- Westpac (WBC) has raked in $770 million in a share purchase plan despite its recent scandals
- The giant bank initially planned to raise $500 million, but the plan was over-subscribed
- This is despite CEO resignations, board shuffles, and the banks’ potential role in child exploitation
- However, $68 million worth of subscriptions were withdrawn after the scandal
- Today, Wespac’s shares are up half a per cent and trading for $24.33 per share
Westpac (WBC) is stuffing its wallet with a $770 million share purchase plan despite its money laundering accusations and legal battles.
The company overshot its goal of raising $500 million through the share purchase plan. It seems the allure of a lowered share price outweighed investors’ concerns from CEO resignations, board shuffles, and the giant bank’s potential role in child exploitation.
The share purchase plan was launched in tandem with a $2 billion share placement aimed at bolstering Westpac’s balance sheet.
The placement was completed in just one day, but the share purchase plan was interrupted by the 23 million anti-money laundering and counter-terrorism financing law breaches AUSTRAC threw at the bank.
However, by the conditions of the original purchase plan, the hit to Westpac’s share price from the legal woes now meant investors could subscribe for new shares at a discounted rate.
The result was almost 32 million new shares subscribed for at $24.20 per share — a 4.4 per cent discount to the originally-offered price of $25.32 per new share.
Still, some investors thought it best to change their mind in light of the bank’s scandals and impending penalties.

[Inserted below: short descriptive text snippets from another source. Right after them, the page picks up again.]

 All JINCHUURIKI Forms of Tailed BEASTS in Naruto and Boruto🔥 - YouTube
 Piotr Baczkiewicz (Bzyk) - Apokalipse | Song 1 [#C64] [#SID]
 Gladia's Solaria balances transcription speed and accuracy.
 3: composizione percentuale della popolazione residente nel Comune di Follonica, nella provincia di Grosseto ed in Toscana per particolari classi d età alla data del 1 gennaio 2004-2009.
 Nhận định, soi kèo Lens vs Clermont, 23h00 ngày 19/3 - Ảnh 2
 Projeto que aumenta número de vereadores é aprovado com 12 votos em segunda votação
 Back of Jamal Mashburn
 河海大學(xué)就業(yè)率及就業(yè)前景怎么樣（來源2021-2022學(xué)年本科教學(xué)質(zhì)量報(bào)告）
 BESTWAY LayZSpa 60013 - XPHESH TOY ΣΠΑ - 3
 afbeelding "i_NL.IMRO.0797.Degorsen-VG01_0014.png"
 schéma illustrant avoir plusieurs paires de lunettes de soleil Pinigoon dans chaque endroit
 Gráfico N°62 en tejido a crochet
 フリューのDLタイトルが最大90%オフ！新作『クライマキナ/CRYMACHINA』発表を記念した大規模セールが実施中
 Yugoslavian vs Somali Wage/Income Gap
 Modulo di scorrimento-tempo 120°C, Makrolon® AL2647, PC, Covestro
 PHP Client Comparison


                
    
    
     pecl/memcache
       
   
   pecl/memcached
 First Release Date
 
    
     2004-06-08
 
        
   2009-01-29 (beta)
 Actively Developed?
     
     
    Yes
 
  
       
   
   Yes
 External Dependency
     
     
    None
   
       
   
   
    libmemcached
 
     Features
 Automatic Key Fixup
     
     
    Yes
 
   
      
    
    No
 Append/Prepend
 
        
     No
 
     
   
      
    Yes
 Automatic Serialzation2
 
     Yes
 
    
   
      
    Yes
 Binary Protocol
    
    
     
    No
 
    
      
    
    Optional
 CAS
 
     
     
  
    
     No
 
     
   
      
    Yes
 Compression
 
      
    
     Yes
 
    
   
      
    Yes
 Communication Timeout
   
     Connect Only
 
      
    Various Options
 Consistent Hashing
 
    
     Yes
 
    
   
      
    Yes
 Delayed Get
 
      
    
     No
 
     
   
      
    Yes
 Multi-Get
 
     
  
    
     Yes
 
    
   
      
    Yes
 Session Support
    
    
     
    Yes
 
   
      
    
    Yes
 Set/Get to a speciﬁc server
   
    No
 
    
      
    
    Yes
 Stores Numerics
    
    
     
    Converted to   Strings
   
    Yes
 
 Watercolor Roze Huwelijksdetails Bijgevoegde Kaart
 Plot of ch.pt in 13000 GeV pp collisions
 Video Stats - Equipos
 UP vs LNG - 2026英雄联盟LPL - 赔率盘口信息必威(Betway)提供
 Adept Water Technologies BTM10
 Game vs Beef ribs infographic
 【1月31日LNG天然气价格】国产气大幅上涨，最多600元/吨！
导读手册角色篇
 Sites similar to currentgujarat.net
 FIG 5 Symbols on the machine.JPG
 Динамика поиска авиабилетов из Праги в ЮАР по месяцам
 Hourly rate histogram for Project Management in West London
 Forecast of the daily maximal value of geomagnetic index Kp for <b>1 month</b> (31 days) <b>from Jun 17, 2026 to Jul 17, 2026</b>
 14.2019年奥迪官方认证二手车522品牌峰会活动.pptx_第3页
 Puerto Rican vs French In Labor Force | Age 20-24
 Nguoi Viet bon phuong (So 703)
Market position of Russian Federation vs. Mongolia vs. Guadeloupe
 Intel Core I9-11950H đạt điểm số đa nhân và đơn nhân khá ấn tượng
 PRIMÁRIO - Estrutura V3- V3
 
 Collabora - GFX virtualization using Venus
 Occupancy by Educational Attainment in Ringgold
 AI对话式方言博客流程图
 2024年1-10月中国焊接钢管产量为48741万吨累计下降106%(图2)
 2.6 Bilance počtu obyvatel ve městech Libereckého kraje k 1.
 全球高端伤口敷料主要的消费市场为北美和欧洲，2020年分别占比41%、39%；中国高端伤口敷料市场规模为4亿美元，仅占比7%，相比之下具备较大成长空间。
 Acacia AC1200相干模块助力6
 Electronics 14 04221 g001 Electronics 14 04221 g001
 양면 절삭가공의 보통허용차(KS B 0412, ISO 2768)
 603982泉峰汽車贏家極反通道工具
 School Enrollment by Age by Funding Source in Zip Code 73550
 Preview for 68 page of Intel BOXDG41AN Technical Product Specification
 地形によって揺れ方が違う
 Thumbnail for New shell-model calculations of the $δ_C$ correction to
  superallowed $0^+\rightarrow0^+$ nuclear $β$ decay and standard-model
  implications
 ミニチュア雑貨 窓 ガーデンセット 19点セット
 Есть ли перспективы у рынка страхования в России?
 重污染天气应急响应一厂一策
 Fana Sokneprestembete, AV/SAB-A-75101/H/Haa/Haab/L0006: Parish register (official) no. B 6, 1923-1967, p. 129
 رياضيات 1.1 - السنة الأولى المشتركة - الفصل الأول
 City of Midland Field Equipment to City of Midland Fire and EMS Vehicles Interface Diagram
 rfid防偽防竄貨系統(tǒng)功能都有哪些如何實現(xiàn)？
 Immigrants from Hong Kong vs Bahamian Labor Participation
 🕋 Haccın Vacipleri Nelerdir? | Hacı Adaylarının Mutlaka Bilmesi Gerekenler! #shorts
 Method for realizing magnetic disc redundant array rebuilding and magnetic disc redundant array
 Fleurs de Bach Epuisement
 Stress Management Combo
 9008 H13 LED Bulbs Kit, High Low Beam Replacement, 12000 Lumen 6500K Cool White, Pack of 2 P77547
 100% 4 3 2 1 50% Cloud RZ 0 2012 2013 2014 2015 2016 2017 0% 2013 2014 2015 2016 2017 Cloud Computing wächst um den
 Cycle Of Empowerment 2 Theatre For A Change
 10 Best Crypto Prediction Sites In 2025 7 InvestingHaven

Of those who bought into the plan before the scandals were brought to light, roughly 3400 changed their mind and $68 million in subscriptions were withdrawn.
The $68 million loss — while a heavy figure by most standards — will likely not be heavily mourned by the bank as it cashes in more than it initially planned.
Perhaps investors were encouraged by Commonwealth Bank adding $11 to its share price in just one year after copping a $700 million fine from AUSTRAC for similar law breaches in 2018.
While Westpac’s penalties will likely be heavier, taking up some new shares at a premium price could pay off in the long run if Westpac follows Commonwealth’s footsteps.
Today, Wespac’s shares are up 0.5 per cent and trading for $24.33 per share.